[Available records]:
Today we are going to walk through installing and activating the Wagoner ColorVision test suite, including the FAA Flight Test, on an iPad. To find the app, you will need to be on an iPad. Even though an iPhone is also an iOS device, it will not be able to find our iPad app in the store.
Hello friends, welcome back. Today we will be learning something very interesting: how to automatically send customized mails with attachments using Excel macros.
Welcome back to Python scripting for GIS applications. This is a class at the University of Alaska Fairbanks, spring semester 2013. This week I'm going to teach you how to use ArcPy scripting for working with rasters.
...
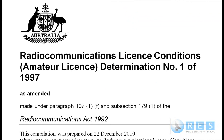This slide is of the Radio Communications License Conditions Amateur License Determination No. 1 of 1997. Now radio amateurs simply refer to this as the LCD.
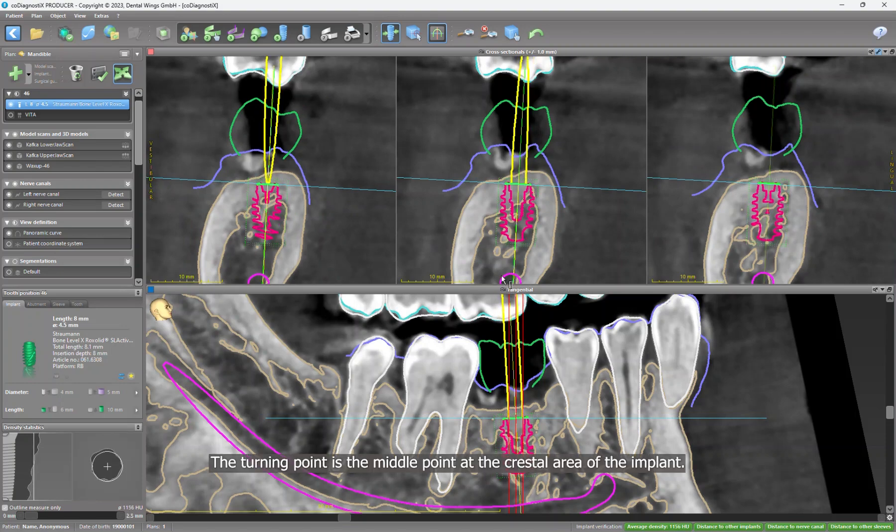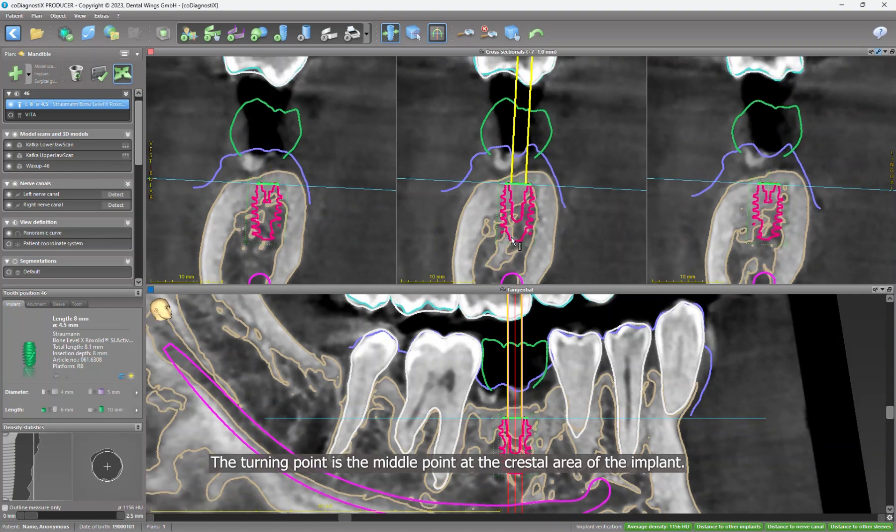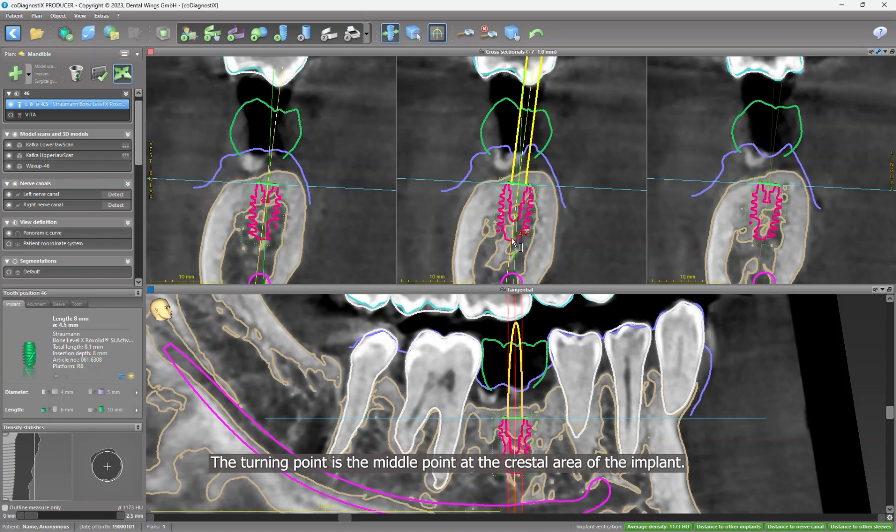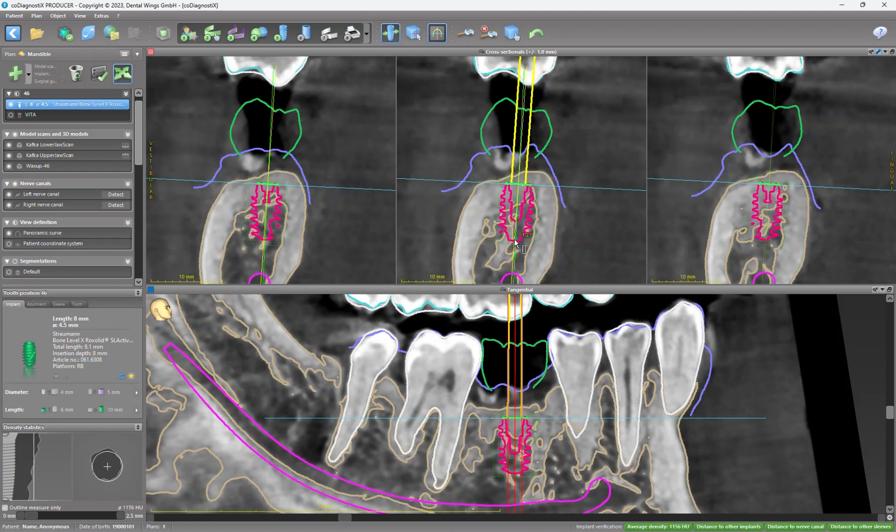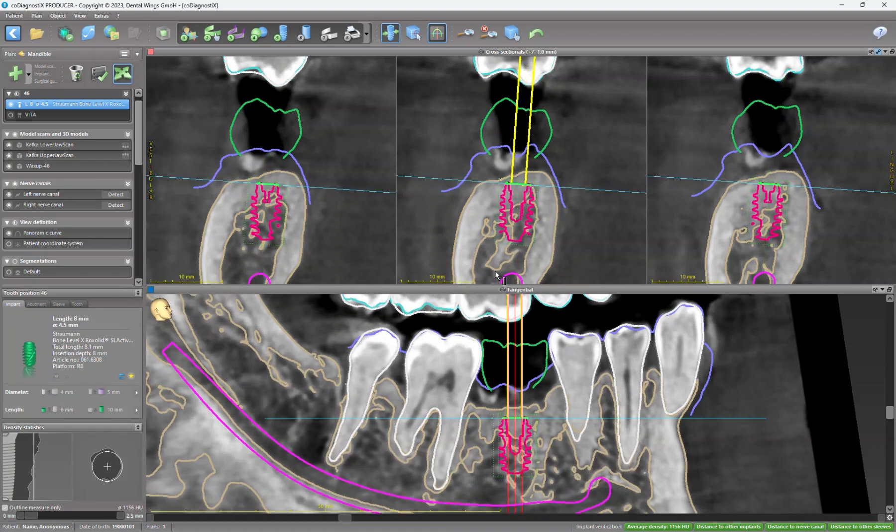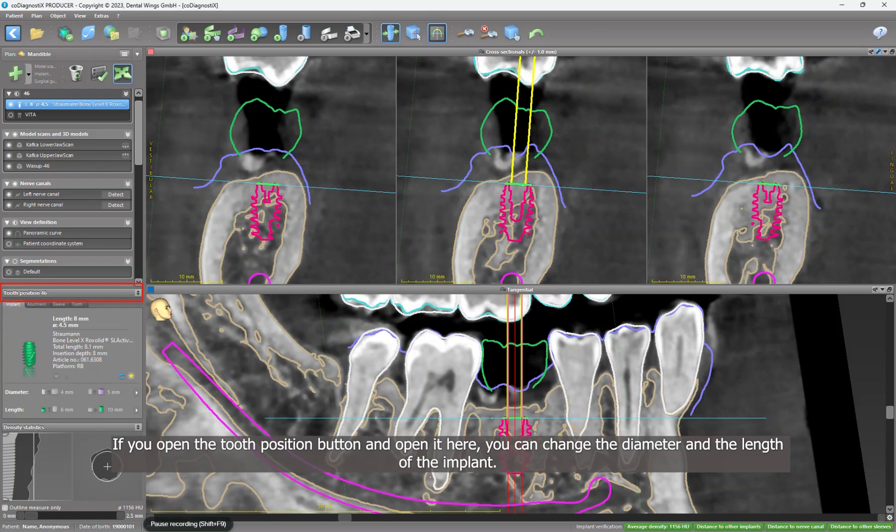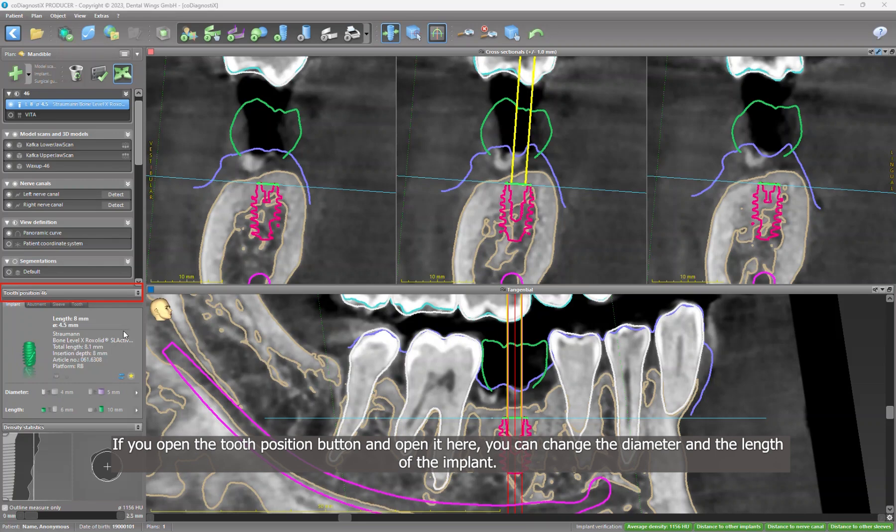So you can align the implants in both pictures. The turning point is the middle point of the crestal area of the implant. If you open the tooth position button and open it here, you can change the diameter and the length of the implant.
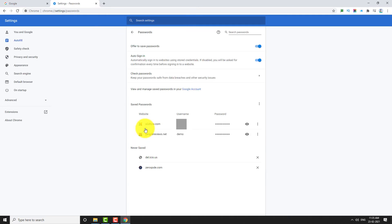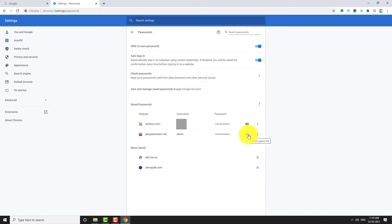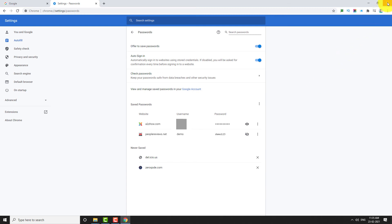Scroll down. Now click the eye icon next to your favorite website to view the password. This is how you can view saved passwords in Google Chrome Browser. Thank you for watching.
--
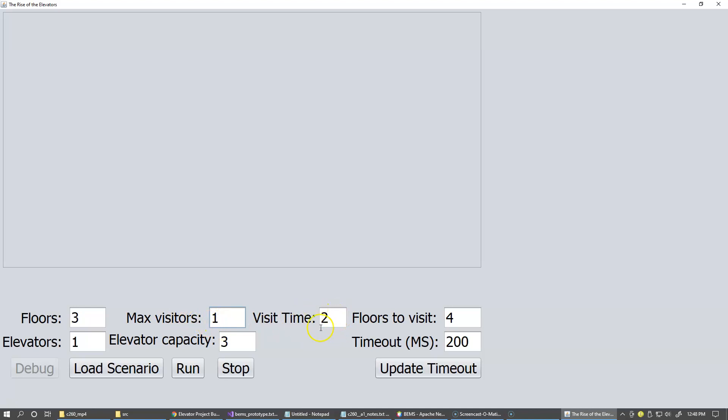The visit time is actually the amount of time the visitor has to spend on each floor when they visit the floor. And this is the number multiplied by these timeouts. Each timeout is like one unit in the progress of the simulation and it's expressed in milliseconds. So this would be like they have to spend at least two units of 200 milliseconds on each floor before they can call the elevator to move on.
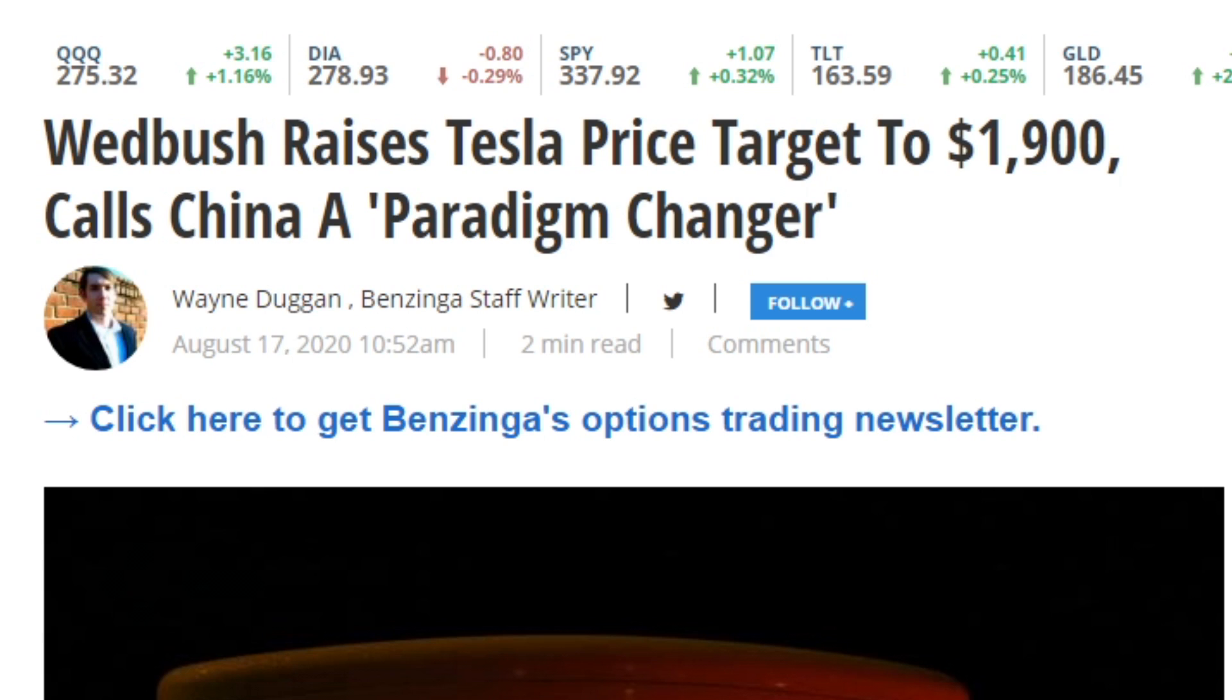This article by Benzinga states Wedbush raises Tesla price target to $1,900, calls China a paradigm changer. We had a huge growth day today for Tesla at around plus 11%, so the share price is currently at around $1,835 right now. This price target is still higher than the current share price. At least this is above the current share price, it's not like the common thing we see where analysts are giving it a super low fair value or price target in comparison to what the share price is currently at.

[Your assignment]: Output exactly those lines of the data above that run from the line with "So you can align" up to and including the line with "Scroll down. Now". No pictures go in.

[Expected answer]:
So you can align the implants in both pictures. The turning point is the middle point of the crestal area of the implant. If you open the tooth position button and open it here, you can change the diameter and the length of the implant.
Scroll down. Now click the eye icon next to your favorite website to view the password. This is how you can view saved passwords in Google Chrome Browser. Thank you for watching.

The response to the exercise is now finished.